1 答弁書第一〇七号「二の1について」では、質問第一〇七号で指摘した上申書は臨床試験における被験者保護法制定の必要性を上申しているものとみなし、「治験のあり方に関する検討会」等は臨床試験における被験者保護についての検討を目的としていないため、同上申書について検討していない、と述べている。しかしながら、同上申書及び同上申書の指摘する同検討会第五回で提出された三つの意見書は、法的管理の対象を治験のみならず臨床試験または臨床研究にまで広げるべきとするものであり、同検討会の検討対象を狭く限定すること自体に対する疑義である。さらに、同日の資料7「事務局論点整理」には、「⑧被験者保護と臨床研究新興の観点からの法律の制定」として、「治験と研究者主導の臨床試験の区別をせず、(中略)法律を制定することも、被験者保護ならびに臨床研究振興の両者の観点から必要ではないか(被験者の権利を守る制度の整備)。」とある。論点として挙がっているにも関わらず、治験以外の臨床試験・臨床研究は検討対象から除外してしまった理由を明らかにされたい。
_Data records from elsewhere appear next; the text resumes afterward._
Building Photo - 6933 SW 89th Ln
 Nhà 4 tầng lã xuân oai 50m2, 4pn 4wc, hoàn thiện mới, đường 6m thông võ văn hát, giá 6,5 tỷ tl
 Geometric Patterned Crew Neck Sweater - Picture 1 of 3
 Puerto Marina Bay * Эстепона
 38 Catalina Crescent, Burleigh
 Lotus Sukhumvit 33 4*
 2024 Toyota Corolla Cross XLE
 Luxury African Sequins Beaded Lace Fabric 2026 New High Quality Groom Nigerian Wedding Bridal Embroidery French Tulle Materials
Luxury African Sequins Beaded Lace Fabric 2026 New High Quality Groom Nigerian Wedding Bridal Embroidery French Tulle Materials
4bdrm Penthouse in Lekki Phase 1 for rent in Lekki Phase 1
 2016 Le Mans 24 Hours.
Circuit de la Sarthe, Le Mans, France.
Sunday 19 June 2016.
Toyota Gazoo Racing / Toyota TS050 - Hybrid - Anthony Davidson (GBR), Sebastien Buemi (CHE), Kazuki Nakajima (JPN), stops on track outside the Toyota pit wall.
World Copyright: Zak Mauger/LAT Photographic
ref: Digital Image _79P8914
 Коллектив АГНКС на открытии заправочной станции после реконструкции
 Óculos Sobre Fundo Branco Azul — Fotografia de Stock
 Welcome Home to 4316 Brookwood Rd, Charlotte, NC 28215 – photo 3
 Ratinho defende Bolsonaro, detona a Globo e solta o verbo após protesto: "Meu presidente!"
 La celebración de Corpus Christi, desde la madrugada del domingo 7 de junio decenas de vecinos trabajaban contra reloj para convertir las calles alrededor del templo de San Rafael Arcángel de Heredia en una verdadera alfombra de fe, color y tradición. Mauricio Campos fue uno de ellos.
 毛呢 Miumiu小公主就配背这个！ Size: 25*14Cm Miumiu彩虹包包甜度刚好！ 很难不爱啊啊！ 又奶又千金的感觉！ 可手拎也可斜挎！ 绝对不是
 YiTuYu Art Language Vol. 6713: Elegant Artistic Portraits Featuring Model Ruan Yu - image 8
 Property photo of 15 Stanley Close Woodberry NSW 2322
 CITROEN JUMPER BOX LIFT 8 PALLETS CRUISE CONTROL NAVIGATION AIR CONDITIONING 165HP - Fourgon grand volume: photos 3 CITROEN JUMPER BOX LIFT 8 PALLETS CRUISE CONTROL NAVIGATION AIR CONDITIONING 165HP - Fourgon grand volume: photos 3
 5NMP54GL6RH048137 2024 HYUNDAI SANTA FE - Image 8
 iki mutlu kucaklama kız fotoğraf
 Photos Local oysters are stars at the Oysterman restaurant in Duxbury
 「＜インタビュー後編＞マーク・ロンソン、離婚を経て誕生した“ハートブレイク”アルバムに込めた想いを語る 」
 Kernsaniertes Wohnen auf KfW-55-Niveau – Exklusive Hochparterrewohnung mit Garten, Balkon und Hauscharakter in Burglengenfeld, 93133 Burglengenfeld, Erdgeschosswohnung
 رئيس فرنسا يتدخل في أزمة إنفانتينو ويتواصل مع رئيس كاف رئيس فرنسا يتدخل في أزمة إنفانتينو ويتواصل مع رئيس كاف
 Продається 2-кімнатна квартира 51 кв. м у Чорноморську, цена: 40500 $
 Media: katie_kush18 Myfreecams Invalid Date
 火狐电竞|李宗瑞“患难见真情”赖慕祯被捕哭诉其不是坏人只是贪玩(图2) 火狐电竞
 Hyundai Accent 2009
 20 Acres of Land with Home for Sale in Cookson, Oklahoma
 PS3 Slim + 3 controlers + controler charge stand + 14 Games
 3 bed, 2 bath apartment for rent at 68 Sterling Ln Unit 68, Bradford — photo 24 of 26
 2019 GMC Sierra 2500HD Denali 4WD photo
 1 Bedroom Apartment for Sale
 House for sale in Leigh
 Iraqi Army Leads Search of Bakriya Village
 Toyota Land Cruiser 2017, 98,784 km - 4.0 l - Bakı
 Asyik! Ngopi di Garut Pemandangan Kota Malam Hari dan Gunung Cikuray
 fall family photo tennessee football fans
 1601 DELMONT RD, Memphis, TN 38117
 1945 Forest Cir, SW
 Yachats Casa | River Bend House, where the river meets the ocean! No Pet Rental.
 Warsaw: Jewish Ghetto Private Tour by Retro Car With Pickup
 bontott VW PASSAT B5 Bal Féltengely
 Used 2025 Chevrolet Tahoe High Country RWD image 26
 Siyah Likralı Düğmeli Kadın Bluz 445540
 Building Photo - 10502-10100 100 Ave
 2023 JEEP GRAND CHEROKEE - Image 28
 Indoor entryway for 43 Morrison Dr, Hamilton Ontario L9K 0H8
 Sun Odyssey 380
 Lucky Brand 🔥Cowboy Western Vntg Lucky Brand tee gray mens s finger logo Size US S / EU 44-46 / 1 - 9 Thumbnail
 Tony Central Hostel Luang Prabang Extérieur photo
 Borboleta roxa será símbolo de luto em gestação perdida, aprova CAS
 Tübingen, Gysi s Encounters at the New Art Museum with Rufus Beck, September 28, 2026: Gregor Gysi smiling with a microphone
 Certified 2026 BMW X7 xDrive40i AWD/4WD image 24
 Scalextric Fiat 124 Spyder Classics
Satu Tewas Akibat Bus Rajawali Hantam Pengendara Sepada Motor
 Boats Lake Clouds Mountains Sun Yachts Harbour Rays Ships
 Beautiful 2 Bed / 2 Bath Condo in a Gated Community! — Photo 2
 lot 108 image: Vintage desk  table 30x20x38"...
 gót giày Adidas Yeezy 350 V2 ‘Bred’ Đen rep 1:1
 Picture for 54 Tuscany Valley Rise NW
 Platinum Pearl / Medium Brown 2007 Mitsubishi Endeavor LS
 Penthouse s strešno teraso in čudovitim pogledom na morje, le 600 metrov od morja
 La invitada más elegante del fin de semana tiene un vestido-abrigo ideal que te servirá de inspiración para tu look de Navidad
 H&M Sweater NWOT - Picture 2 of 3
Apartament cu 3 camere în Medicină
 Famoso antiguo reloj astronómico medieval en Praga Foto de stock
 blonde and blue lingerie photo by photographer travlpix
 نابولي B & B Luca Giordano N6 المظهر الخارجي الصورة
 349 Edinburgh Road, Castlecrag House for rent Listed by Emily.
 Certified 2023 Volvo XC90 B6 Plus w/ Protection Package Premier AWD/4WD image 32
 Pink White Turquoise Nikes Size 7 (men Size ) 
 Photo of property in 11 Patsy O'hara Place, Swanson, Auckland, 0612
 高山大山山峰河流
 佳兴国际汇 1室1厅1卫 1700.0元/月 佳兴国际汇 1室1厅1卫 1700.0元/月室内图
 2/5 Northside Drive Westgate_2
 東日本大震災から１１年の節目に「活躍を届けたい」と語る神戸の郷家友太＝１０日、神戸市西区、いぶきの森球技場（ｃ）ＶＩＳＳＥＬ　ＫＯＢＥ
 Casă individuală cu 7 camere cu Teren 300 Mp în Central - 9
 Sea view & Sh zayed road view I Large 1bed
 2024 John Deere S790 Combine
2 右意見書等が、検討会の対象範囲を治験のみではなくそれ以外の臨床試験・臨床研究にも広げるべきであると述べていることに対し、その意見が検討に値するか否か、同検討会で話し合われた結果、検討に値しないと判断されたのであれば、その概要を明らかにされたい。
3 同検討会で、治験以外の臨床試験・臨床研究についても検討すべきという意見が複数提出され、「事務局論点整理」においても検討対象として挙げられていたにも関わらず、同検討会では検討対象から除外されてしまったのであれば、この課題を検討することを目的に含む「臨床研究に関する倫理指針」見直しの専門委員会でこれら意見書・上申書を配布し、その記述内容について検討すべきであると考えるが、いかがか。特に、打出医師の関連する事例は、臨床研究に携わる研究者らによっても公開シンポジウム等の場で議論されてきているので、厚生労働省による公式な検討の場で取り上げるべきであると考えるが、いかがか。
4 金沢大学の事例についての高裁判決では「本件クリニカルトライアル」について「実験的ないしは試験的な側面があるのであり,そのことによる他事目的のために最善医療義務の履行が阻害される危険がある」とし、このため「他事目的説明義務に基づき,Eに対し,本件クリニカルトライアルの目的,本件プロトコールの概要,本件クリニカルトライアルに登録されることがEに対する治療に与える影響等について説明し,その同意を得る義務があった」としており、医師には「他事目的説明義務違反」があったと結論している。答弁書第一〇七号「二の2について」は、この判決を踏まえた上で、本件の如き事例であったとしても、一般的な診療契約上の説明義務を果たせば足りるのであって、本件が実験的ないし試験的な側面を含むことから他事目的説明義務に基づく説明事項として裁判所が判示した事柄までをも説明する必要はない、と主張するものか。もしくは判決を踏まえずの主張か。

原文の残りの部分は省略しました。